だんまりとしたまま俯いていると、呆れたと言わんばかりにアダムが盛大な溜息を吐き出した。
「いいか。そんな素性もよくわかんねー男のこと、すぐに信用すんなって言ってんの。まだ懲りてねェのかよ」
「違うよ、ウィルはそんなんじゃ――」
ぱっと顔を上げた時、詰問してくるアダムの隣で、ルカが珍しく驚いた顔をしているのが見えた。途端に、ニノンの心の中で感じる必要のない罪悪感がむくむくと沸き起こる。
――別に、本気になっているわけじゃない。
そんな、必要とされてもいない弁明が口の中いっぱいに広がって、外へ飛び出しそうになる。
だがすぐにニノンは思い至った。ルカはただ目の前のやりとりについて行けていないだけなのだ。決してニノンに特定の相手がいたことに対するショックなんかではない。そんなことで心を動かされる人ではないことは充分理解している……。

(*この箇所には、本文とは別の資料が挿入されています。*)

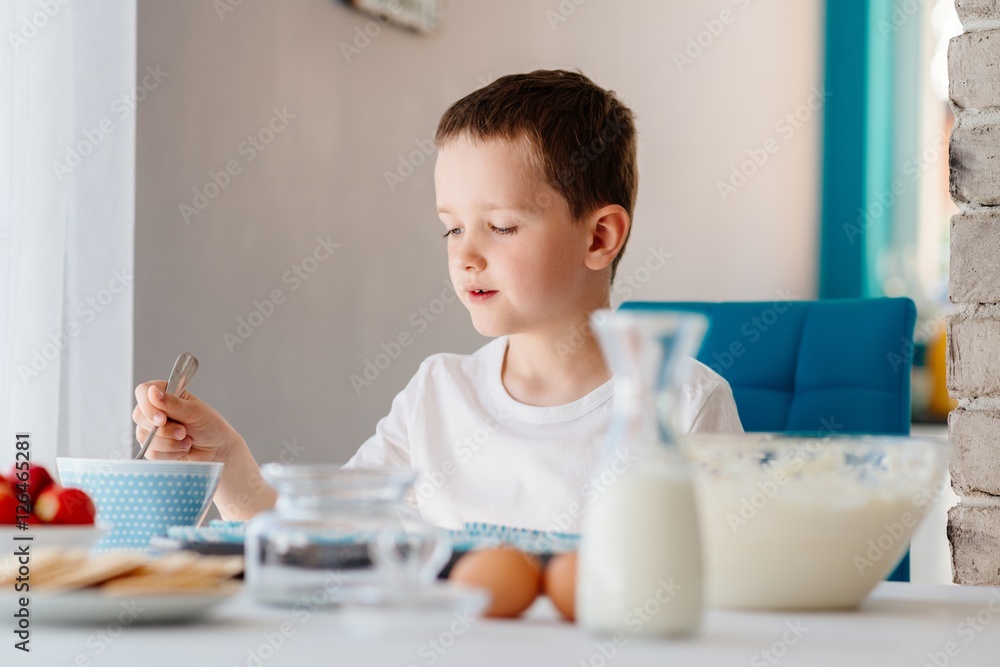 Child filling cupcakes form with dough ingredients Child filling cupcakes form with dough ingredients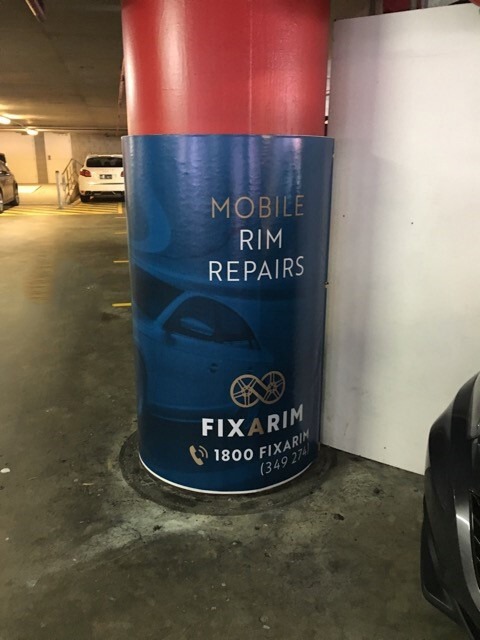 A column in a parking garage with a Cingo Protective Wrap installed advertising a mobile car repair service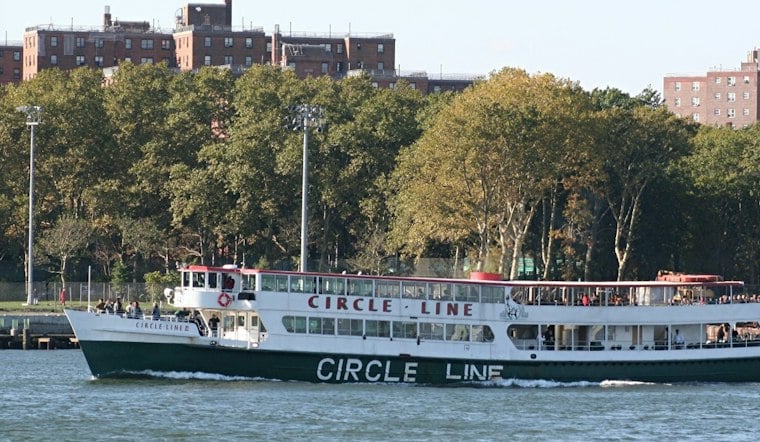 Circle Line's First Nighttime Dog Cruise Sails Past a Lit-Up Statue of Liberty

己に言い聞かせているうちに、ニノンはだんだん虚しくなってきた。
「……素性はわかってるもん」
「あ?」
「パオリ学園に通ってるって言ってたもん」
「バカ、んなのは素性って言わね――」
「えっ、誰、誰?」
アダムの反論を押し退けて、バンシーの内の一人が身を乗り出す。
「ニノンちゃん、誰に誘われたって?」
「あたしたちが知ってるヤツかな!?」
キラキラと輝く無数の目に気圧されながら、ニノンはおずおずと口を開く。
「あの、ウィル……ウィリアム・クレーっていう人……」
「ウィリアム?」
「クレー?」
黒い長髪のバンシーが首をかしげた。その隣にいた派手な茶髪のバンシーが、もう一歩身を乗り出して問い掛ける。
「どんな見た目?」
「学年は? 学科は?」
「えっと、お姉さんみたいな亜麻色の髪で、短い猫っ毛で。背はアダムより高くて、それから優しそうな顔してて……年は、わかんない……」
答えながらニノンは、自分が相手のことを何も知らないということに気がついた。随分と長い時間二人で話をしたはずなのに。まるで記憶の一部が抜け落ちてしまったかのように、一体何を喋っていたのかはっきりと思い出せない。